Dalle edicole italiane alle redazioni di Washington, fino ad arrivare in Australia. È il percorso compiuto in poche ore dalla prima pagina di Libero che, nata per commentare lo scontro tra Donald Trump e Giorgia Meloni, è finita al centro dell’attenzione di media americani e internazionali. Nel pieno della polemica tra il presidente degli Stati Uniti e la premier italiana, Libero ha scelto una linea editoriale netta, senza particolari cautele diplomatiche. Quello che inizialmente appariva come un titolo destinato soprattutto al dibattito politico italiano si è rapidamente trasformato in una notizia internazionale.

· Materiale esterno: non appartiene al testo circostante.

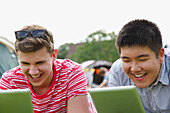 Laughing Teenage Boys Using Tablets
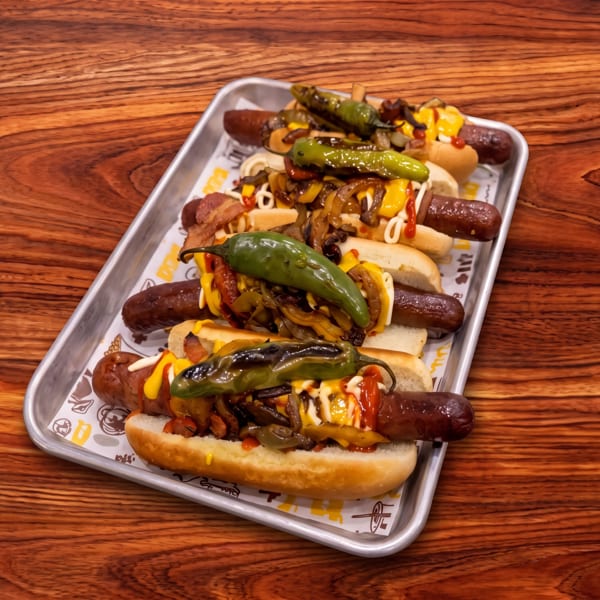 Tray of loaded hot dogs topped with grilled peppers, onions, cheese, mustard, ketchup, and mayonnaise on a wooden table.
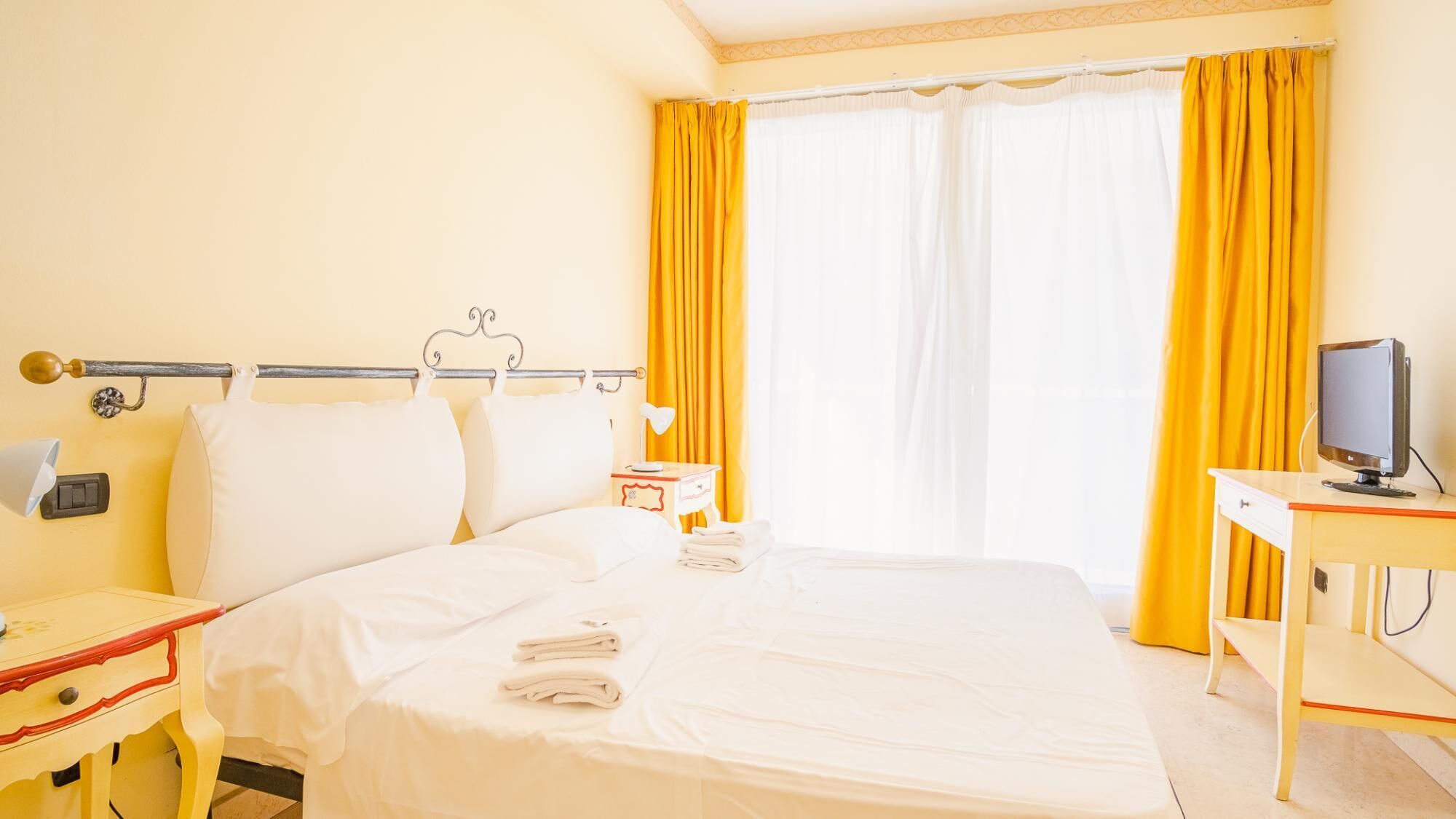 A hotel room with a bed, a desk with a computer, a lamp, and a window with yellow curtains.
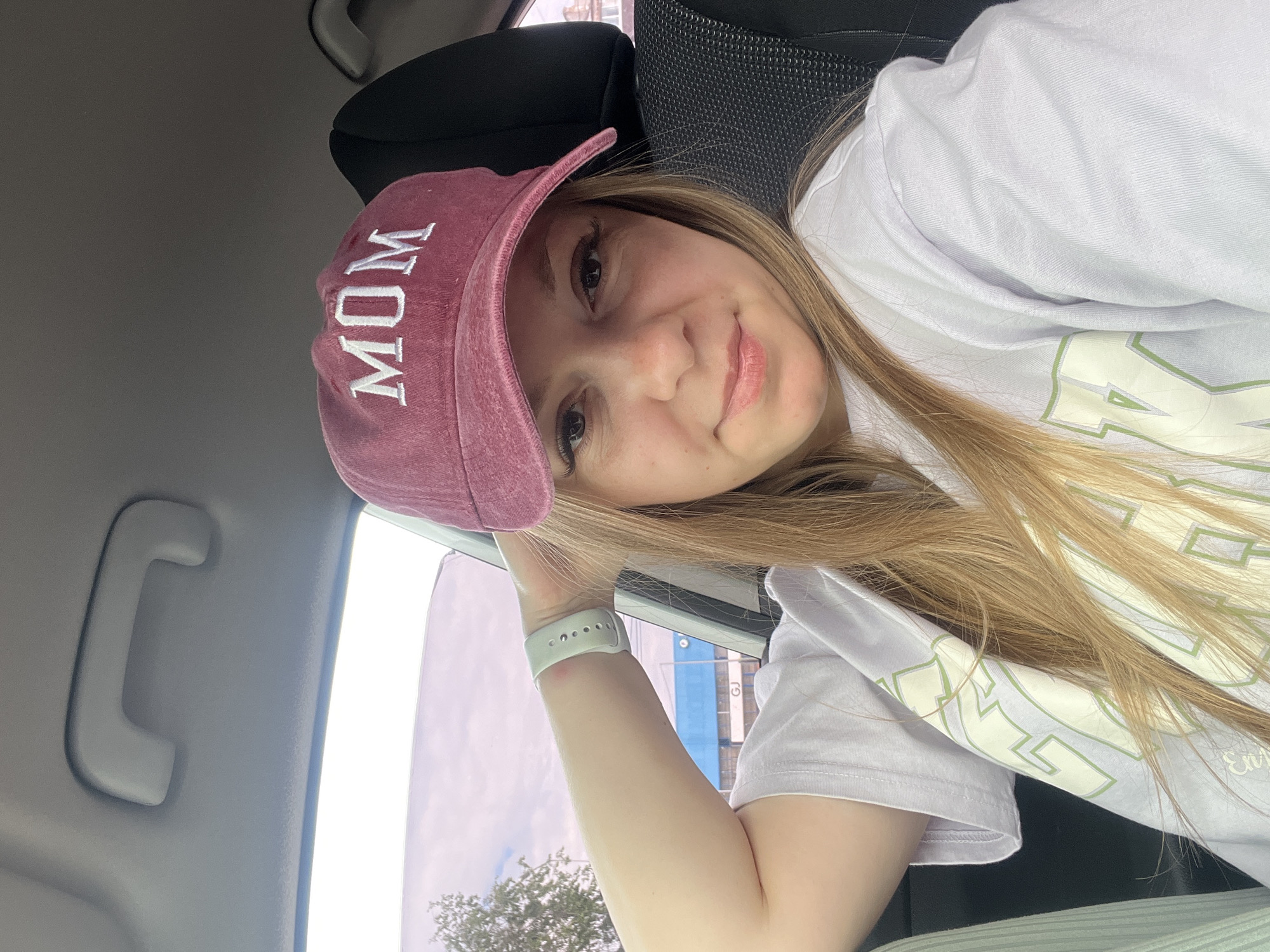 A young woman with blonde hair is sitting in the passenger seat of a car, wearing a maroon baseball cap with "MOM" embroidered on it in white lettering. She is also wearing a light purple t-shirt with green lettering. Her left arm is resting on the car's headrest, and she is looking at the camera with a slight smile. Through the car window, a cloudy sky and some trees are visible. A building with blue accents and the letters "GJ" can be seen in the distance. The car interior includes a grey grab handle and a dark grey car seat. The image was taken on a cloudy day.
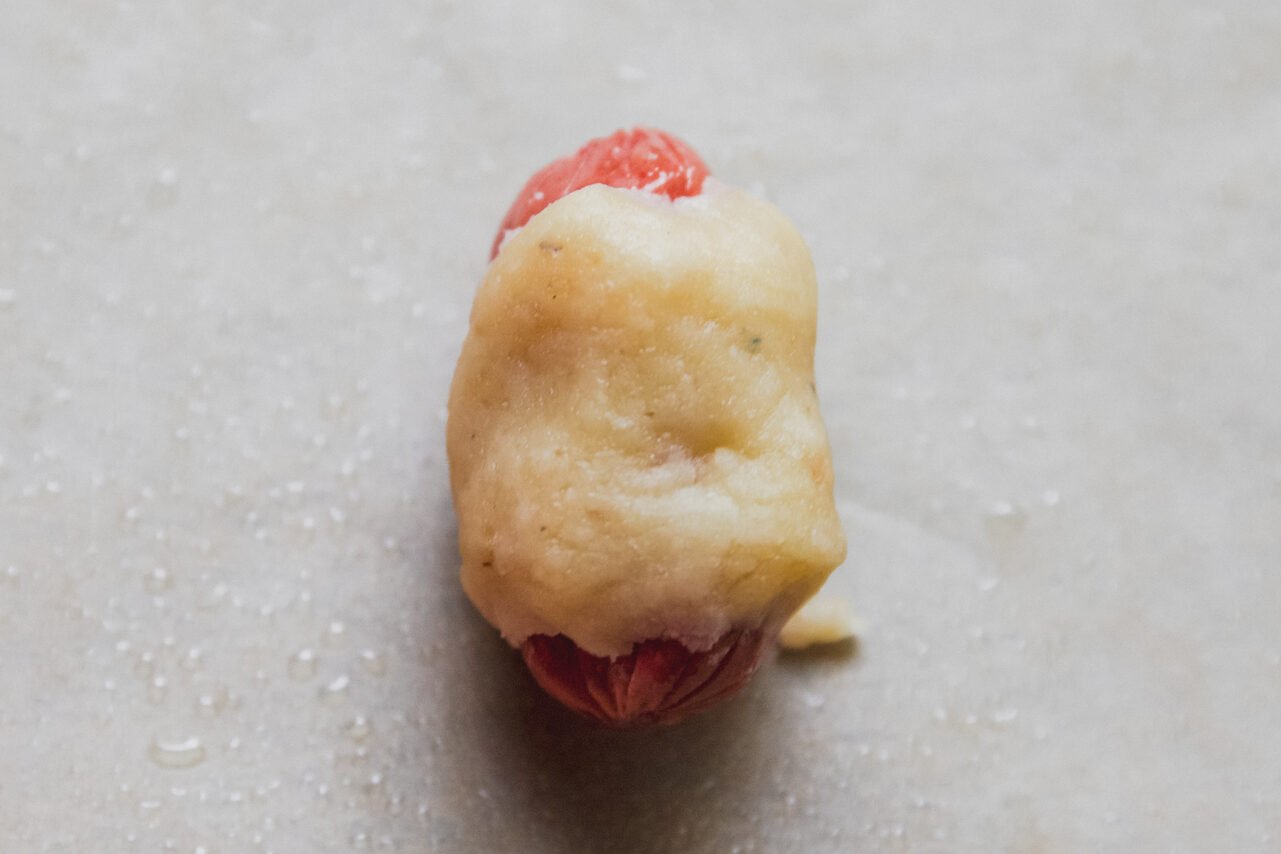 Pig in a blanket uncooked.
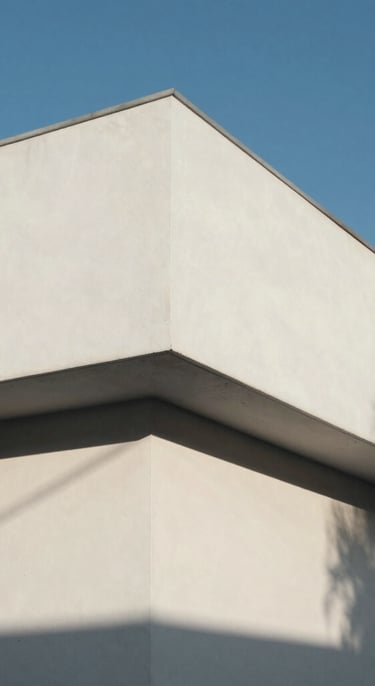 Composición geométrica minimalista de una fachada de hormigón blanco bajo luz solar directa, sombras duras y líneas puras, cielo azul despejado al fondo.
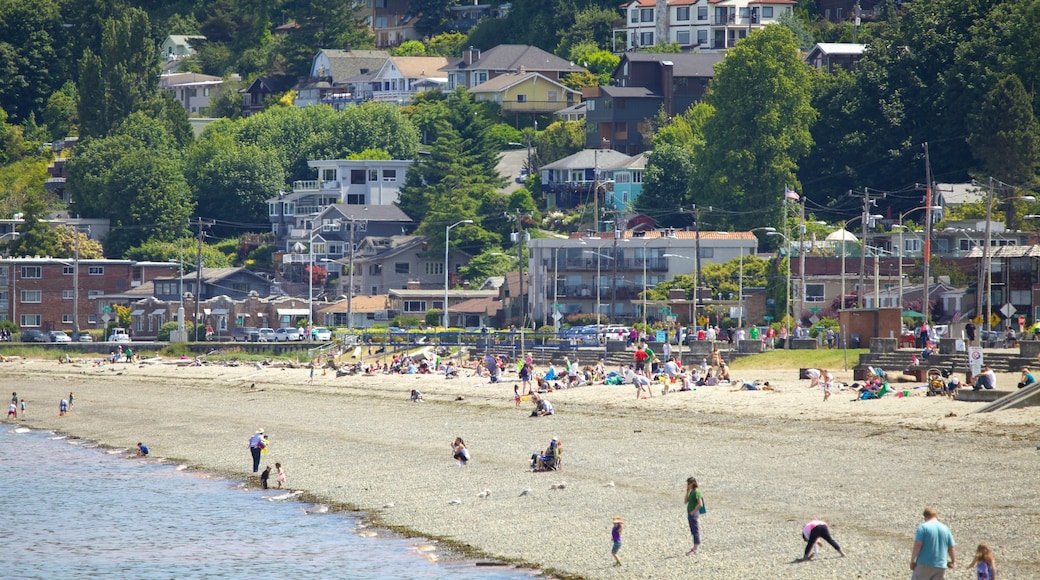 Alki Beach featuring a city and a sandy beach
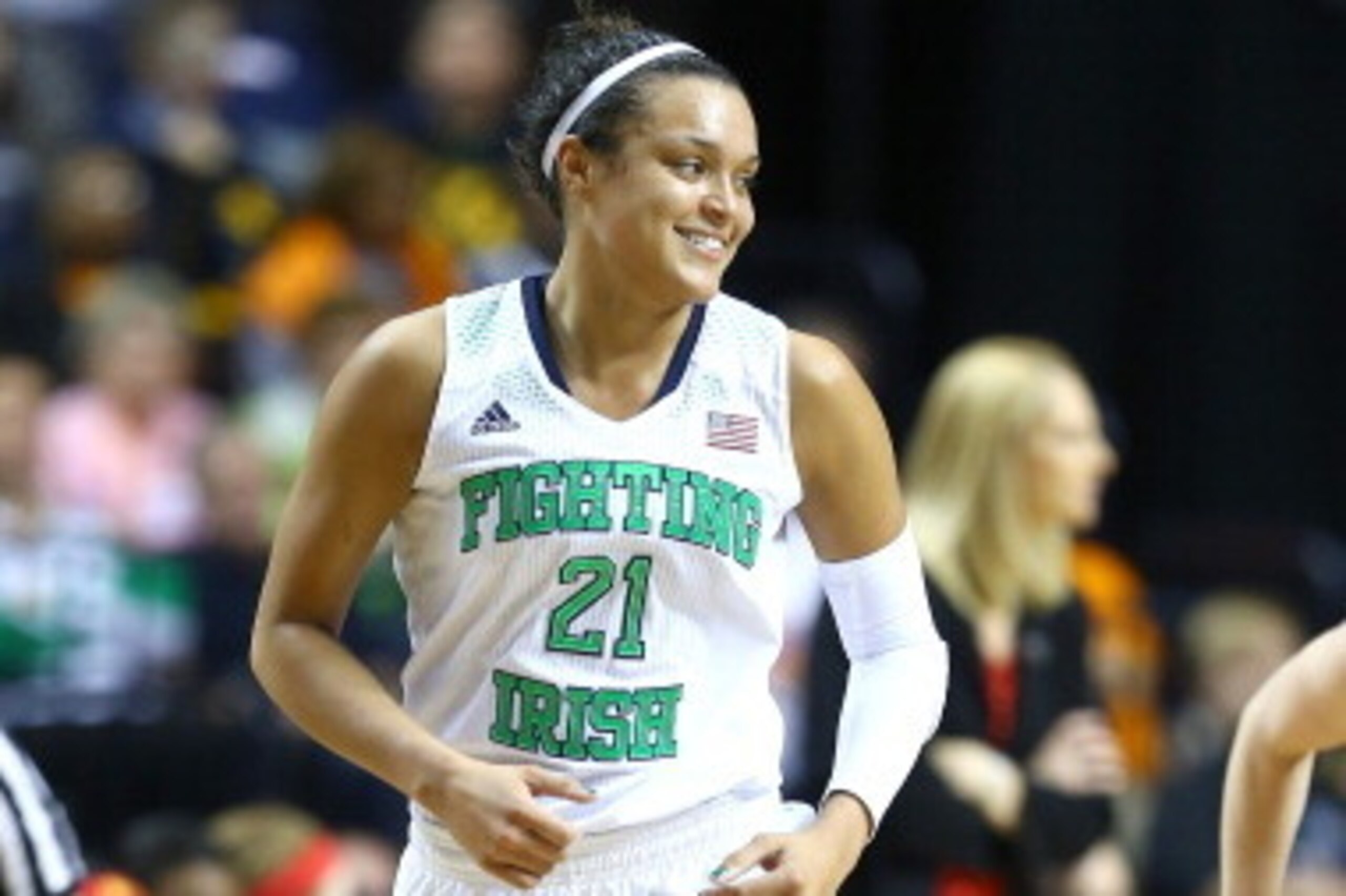 NASHVILLE, TN - APRIL 06: Kayla McBride #21 of the Notre Dame Fighting Irish smiles after a play in the first half against the Maryland Terrapins during the NCAA Women's Final Four semifinal at Bridgestone Arena on April 6, 2014 in Nashville, Tennessee. NASHVILLE, TN - APRIL 06: Kayla McBride #21 of the Notre Dame Fighting Irish smiles after a play in the first half against the Maryland Terrapins during the NCAA Women's Final Four semifinal at Bridgestone Arena on April 6, 2014 in Nashville, Tennessee.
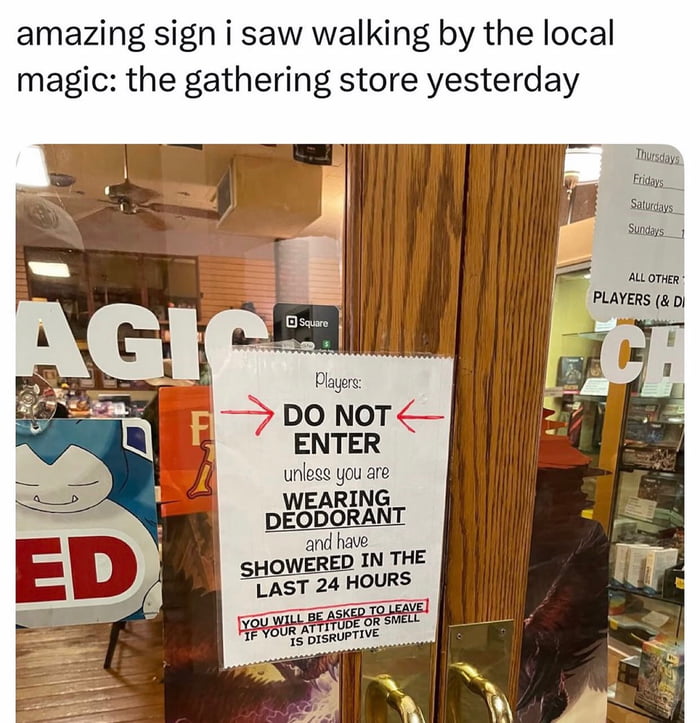 A photograph of the entrance to a local Magic: The Gathering store, featuring a prominent sign taped to the glass door. The sign reads: 'Players: DO NOT ENTER unless you are wearing DEODORANT and have SHOWERED IN THE LAST 24 HOURS. YOU WILL BE ASKED TO LEAVE IF YOUR ATTITUDE OR SMELL IS DISRUPTIVE.' Above the photo, there is text stating: 'amazing sign i saw walking by the local magic: the gathering store yesterday.' The store's interior is visible through the door, showing wooden floors, a ceiling fan, and various merchandise. A Square payment device is mounted near the sign, and partial text 'MAGIC' is visible on the window. Additional signs, including one listing days of the week (likely store hours), are partially visible to the right of the door.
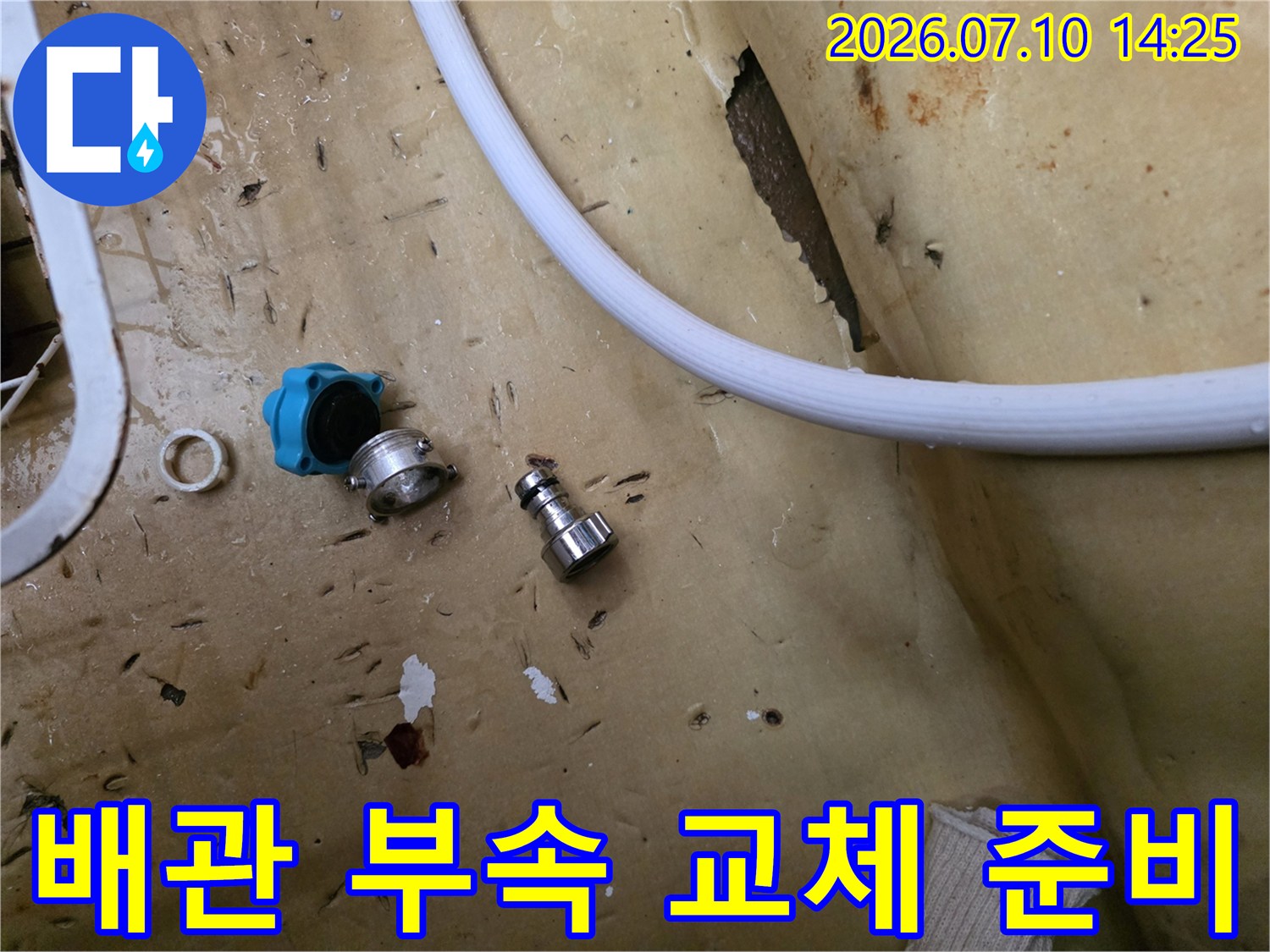노후된 수도 배관 연결 부위의 부실한 부분을 제거하고 새 제품으로 바꿀 준비를 하는 장면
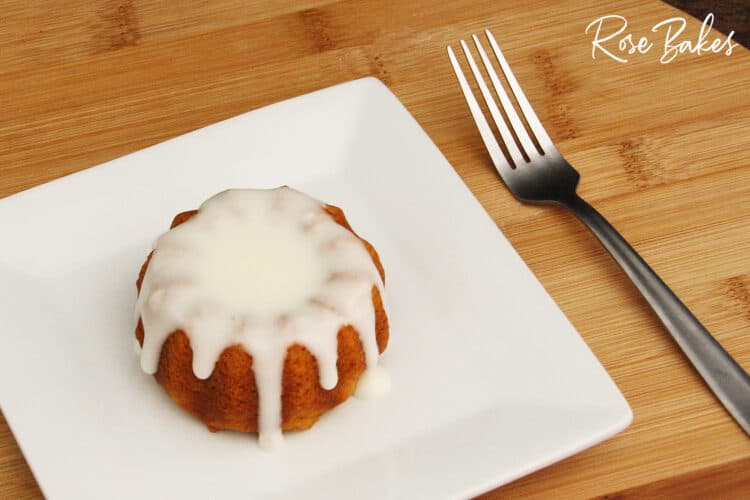 a single mini pumpkin spice bundt cake with cream cheese glaze on white square plate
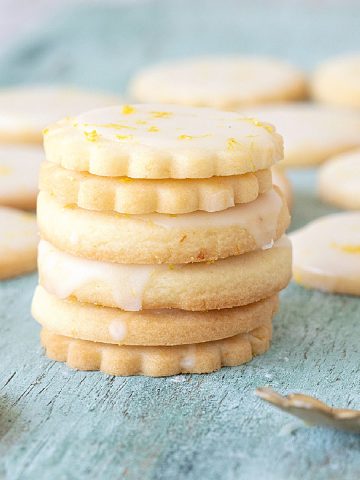 Stack of glazed lemon shortbread cookies on a green colored wooden board.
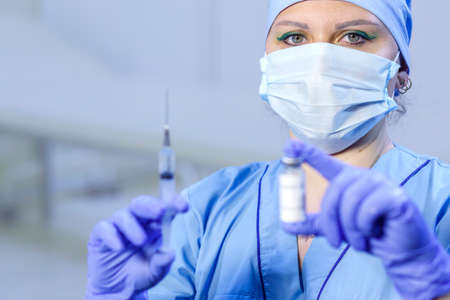 A doctor in medical gloves and a mask holds a vial with a vaccine and a syringe. Horizontal photoの写真素材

A dare ulteriore visibilità alla vicenda è stata la Cnn. Nel ricostruire il duro scambio tra Trump e Meloni, l’emittente americana ha sottolineato come la presidente del Consiglio abbia trovato sostegno in una parte significativa della stampa italiana e ha citato proprio la prima pagina di Libero per raccontare ai lettori americani il clima politico seguito alle parole del presidente. Non si tratta di un dettaglio secondario. Quando una testata internazionale decide di richiamare una prima pagina straniera all’interno del proprio racconto, significa che la considera un elemento utile a spiegare il contesto della vicenda. Ancora più significativo è il fatto che la Cnn abbia precisato di aver contattato la Casa Bianca e il Dipartimento di Stato per ottenere un commento.
DIBATTITO
In altre parole, quel titolo non è rimasto confinato nel dibattito italiano ma è arrivato fino ai palazzi del potere americano. L’elemento che colpisce non è tanto il contenuto del titolo in sé. La stampa italiana è tradizionalmente più incline a toni accesi rispetto a quelli dei grandi quotidiani statunitensi. Ciò che rende la vicenda insolita è il percorso compiuto da quella prima pagina: dai giornali italiani ai media internazionali, fino a entrare nel racconto globale dello scontro tra Trump e Meloni. L’eco internazionale è cresciuta rapidamente. Anche Axios, uno dei siti di informazione politica più influenti di Washington, ha ripreso la vicenda, evidenziando come una parte della stampa italiana si sia schierata apertamente a sostegno della premier.
Ma il viaggio del titolo non si è fermato negli Stati Uniti. Nelle ore successive la storia è arrivata fino in Australia.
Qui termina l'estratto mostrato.